A xAI, empresa de inteligência artificial de Elon Musk, anunciou que irá aderir ao capítulo de segurança do código de conduta de IA da União Europeia, uma medida que a coloca em alinhamento parcial com as regras de IA do bloco.
O código, elaborado por 13 colaboradoresdent , é voluntário, mas proporciona clareza jurídica às empresas que o adotam, enquanto se preparam para a plena aplicação da Lei de IA da UE.
A xAI e outras empresas de tecnologia têm sentimentos contraditórios em relação ao código
Em uma publicação no X , a xAI reconheceu que, embora a Lei e o Código de IA promovam a segurança, outras partes são profundamente prejudiciais à inovação, e suas disposições sobre direitos autorais são claramente excessivas.
A empresa, no entanto, confirmou que assinará o capítulo sobre segurança.
“A xAI apoia a segurança da IA e assinará o Capítulo sobre Segurança e Proteção do Código de Práticas da Lei de IA da UE.”
~ xAI.
A empresa não informou se pretende adotar as outras duas seções do código, transparência e direitos autorais, que se aplicarão a fornecedores de IA de uso geral sob a regulamentação futura.
A posição da xAI agrava a crescente divisão entre os principais desenvolvedores de IA sobre como responder à estrutura da UE. O Google , parte da Alphabet, comprometeu-se a assinar o código de conduta na íntegra, apesar de ter expressado sérias reservas sobre alguns aspectos das regras.

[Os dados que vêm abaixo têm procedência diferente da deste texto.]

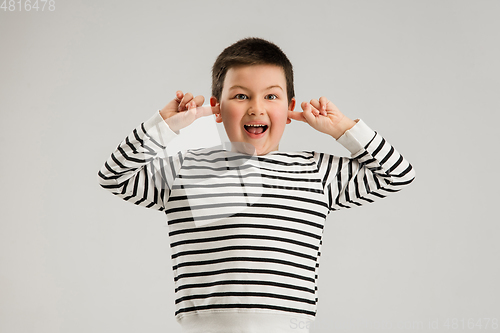 Image of Caucasian boy isolated on white studio background. Copyspace. Childhood, education, emotions concept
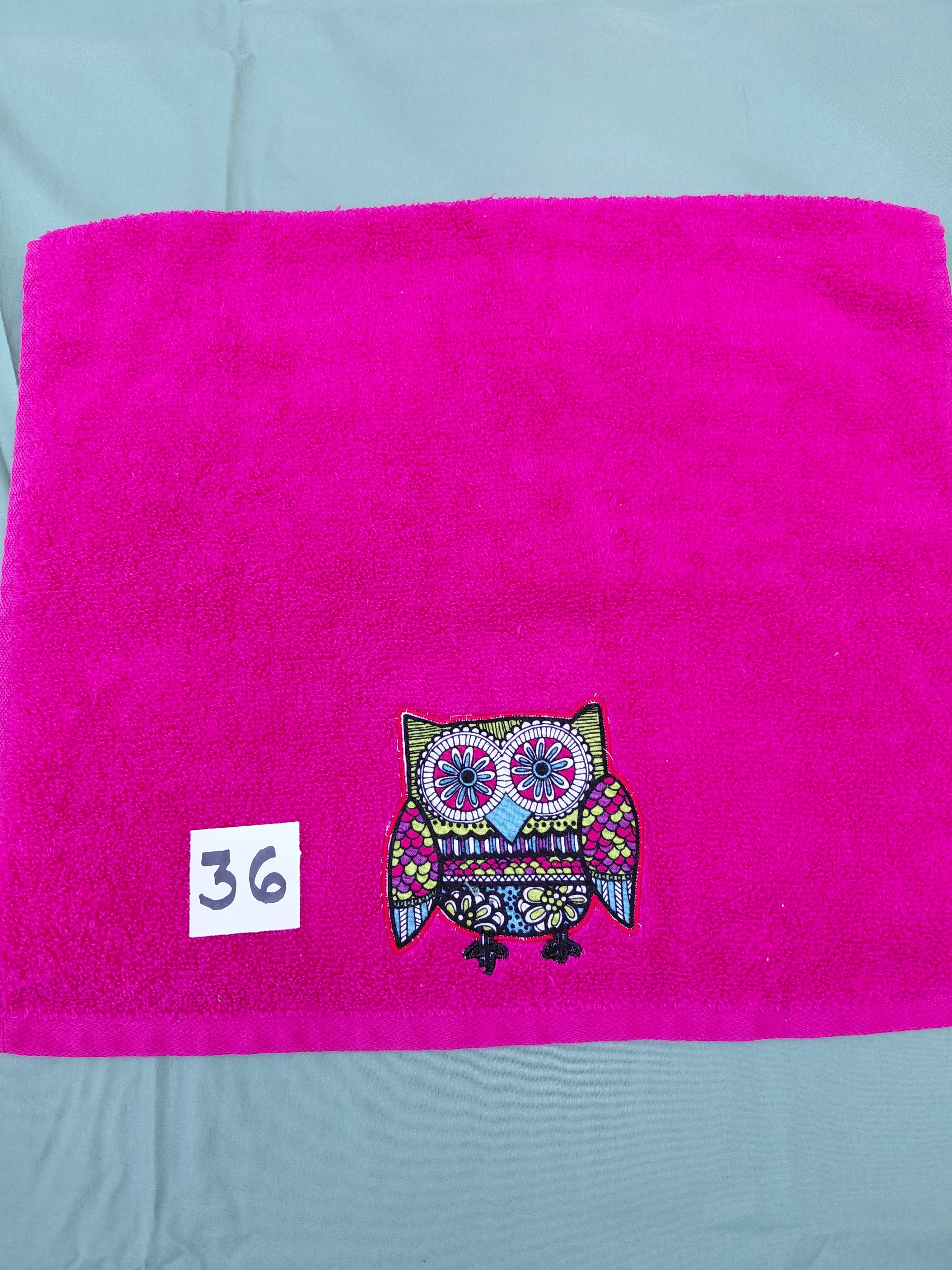 Magenta handcrafted embellished hand towel with bright red outlined owl appliqué, reinforced hem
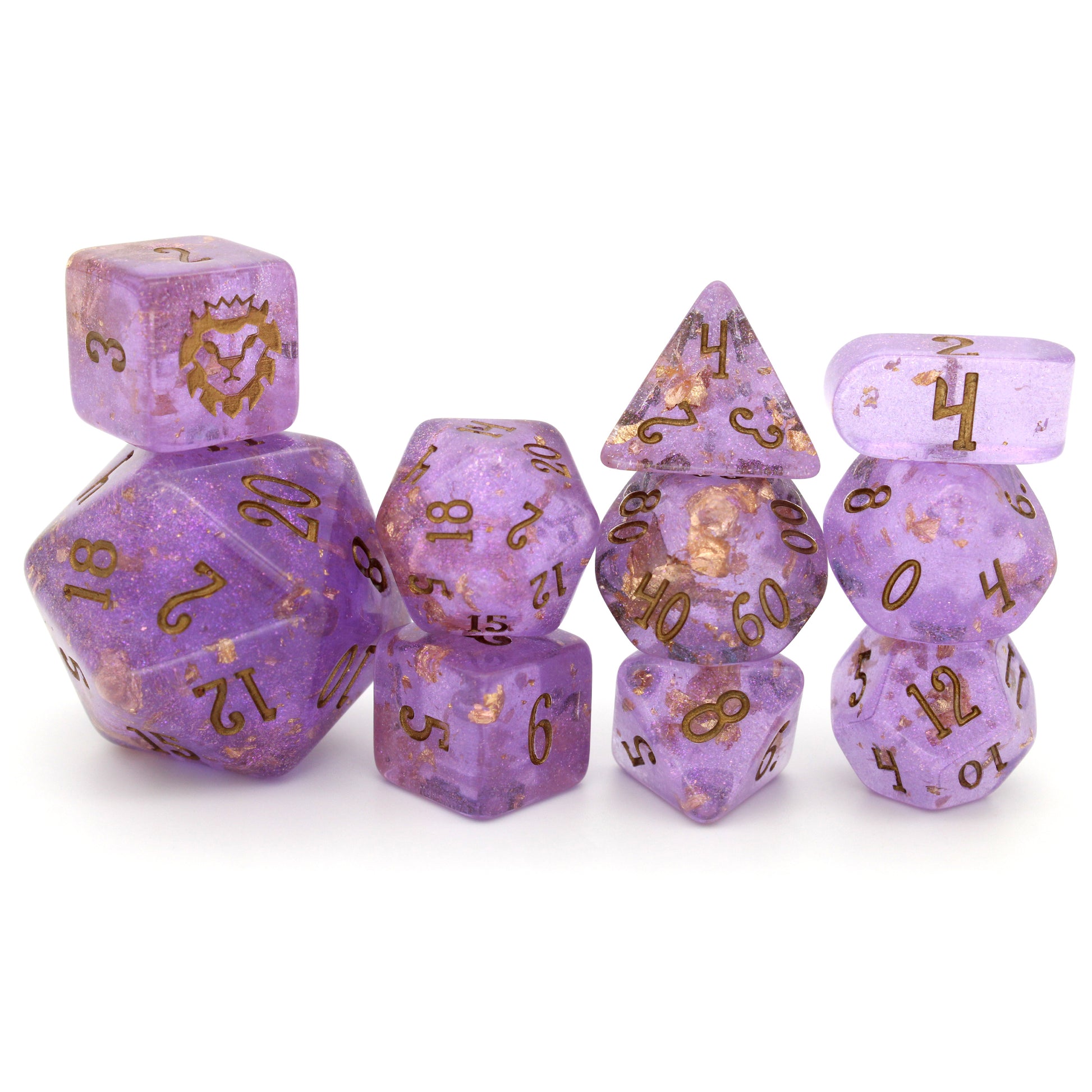 Wizard's Weave is a 10-piece set of translucent, glittery, purple resin dice sprinkled with gold foil and inked in bronze.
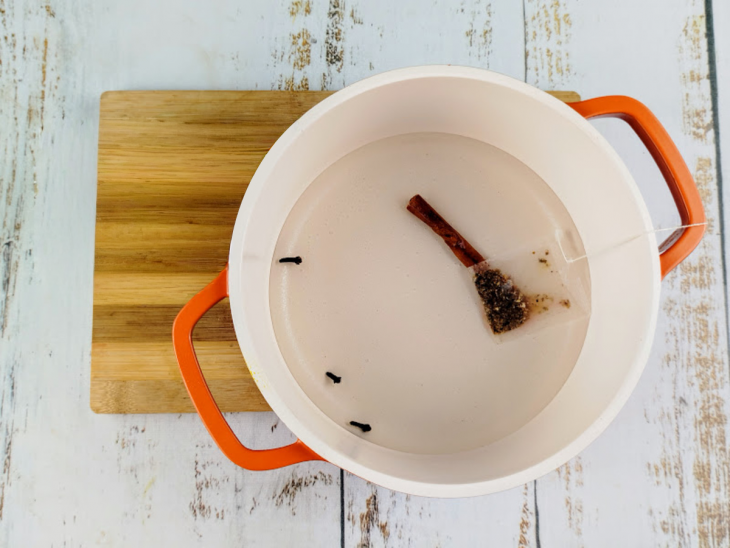 Panela com água, canela, cravo e sachê de chá.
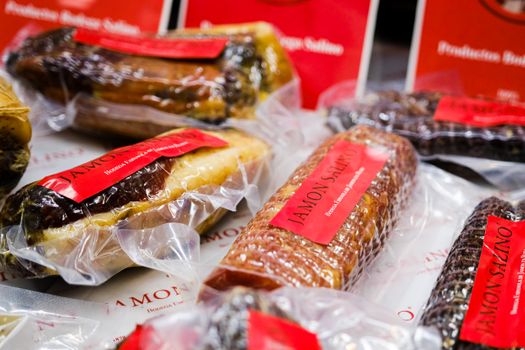 Close-up of assorted packaged Spanish cured meats with visible labels and textures.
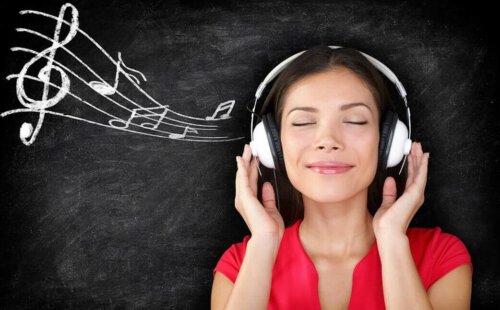 A woman listening to music.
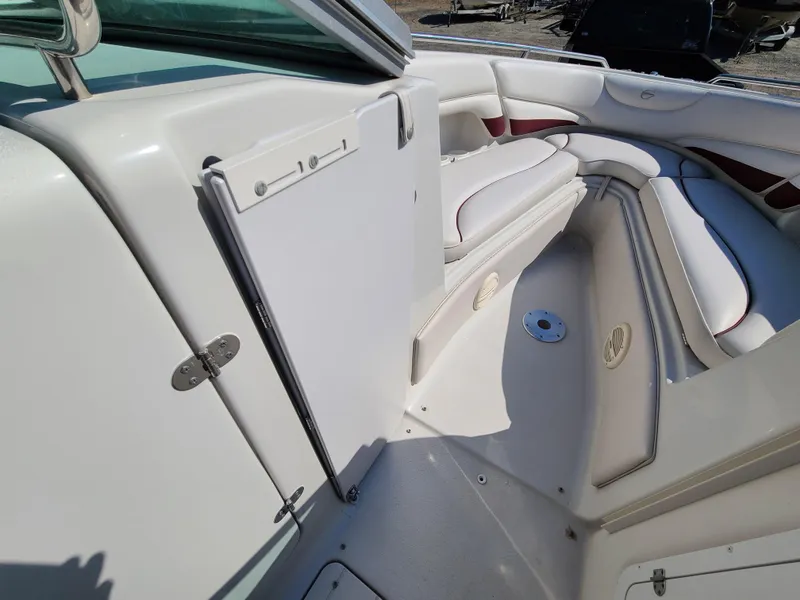 Slide: The Image of 2003 Crownline 230BR boat interior with white and red seating. - 13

“Continuamos preocupados com o fato de a Lei e o Código de IA poderem atrasar o desenvolvimento e a implementação da IA na Europa”, disse Kent Walker, presidente dent Assuntos Globais do Google, em uma publicação no blog. Mas ele acrescentou que mudanças recentes no código o aprimoraram e afirmou que o Google prosseguirá com a assinatura.
Em contrapartida, a Meta se recusou a assinar . A empresa controladora do Facebook afirma que o código cria incerteza jurídica e inclui medidas que vão muito além do que a Lei de Inteligência Artificial exige.
A gigante da tecnologia alertou que a estrutura poderia dissuadir as empresas de desenvolverem sistemas fundamentais de IA na Europa, descrevendo a direção da UE como "o caminho errado em IA"
A Microsoft e a OpenAI não confirmaram se irão assinar o código.
A UE está preparando o setor de tecnologia para a aplicação da Lei de Inteligência Artificial
O código de conduta da UE para IA foi concebido como uma ferramenta de transição, ajudando as empresas a se adequarem às futuras leis de IA que entrarão em vigor em 2 de agosto para modelos de alto impacto. Essas regras visam desenvolvedores de modelos de IA de risco sistêmico, como os criados pelo Google, Meta, Anthropic e OpenAI.
Embora não seja juridicamente vinculativo, o código define as expectativas em relação à documentação, à origem do conteúdo e à resposta a reivindicações de direitos autorais. As empresas que aderirem provavelmente se beneficiarão de uma interação regulatória mais tranquila e de menos incertezas jurídicas.
A abrangente Lei de IA da UE, uma legislação de grande alcance, busca regulamentar a IA com base em níveis de risco. Ela proíbe certos usos de forma direta, como sistemas de manipulação ou pontuação social, ao mesmo tempo que impõe requisitos rigorosos a usos de "alto risco" em áreas como educação, emprego e biometria.
Os desenvolvedores de modelos avançados precisarão realizar avaliações de risco, manter registros transparentes e cumprir rigorosos padrões de qualidade. Aqueles que não atenderem a esses requisitos poderão ser multados em até 7% do seu faturamento anual global.
As diferentes reações dos líderes em IA sugerem que está a surgir uma divergência na forma como as empresas de tecnologia encaram a regulamentação na UE.
Enquanto alguns, como o Google, estão optando por um engajamento estratégico, outros, como a Meta, estão resistindo, temendo que as regras sufoquem a inovação .
A decisão da xAI de dar suporte seletivo a partes do código pode representar um meio-termo, reconhecendo a importância da segurança da IA e, ao mesmo tempo, resistindo ao que considera uma regulamentação excessiva.
À medida que a UE avança com sua agenda regulatória, mais empresas de tecnologia terão que fazer uma escolha: cooperar desde o início ou correr o risco de conflitos mais tarde.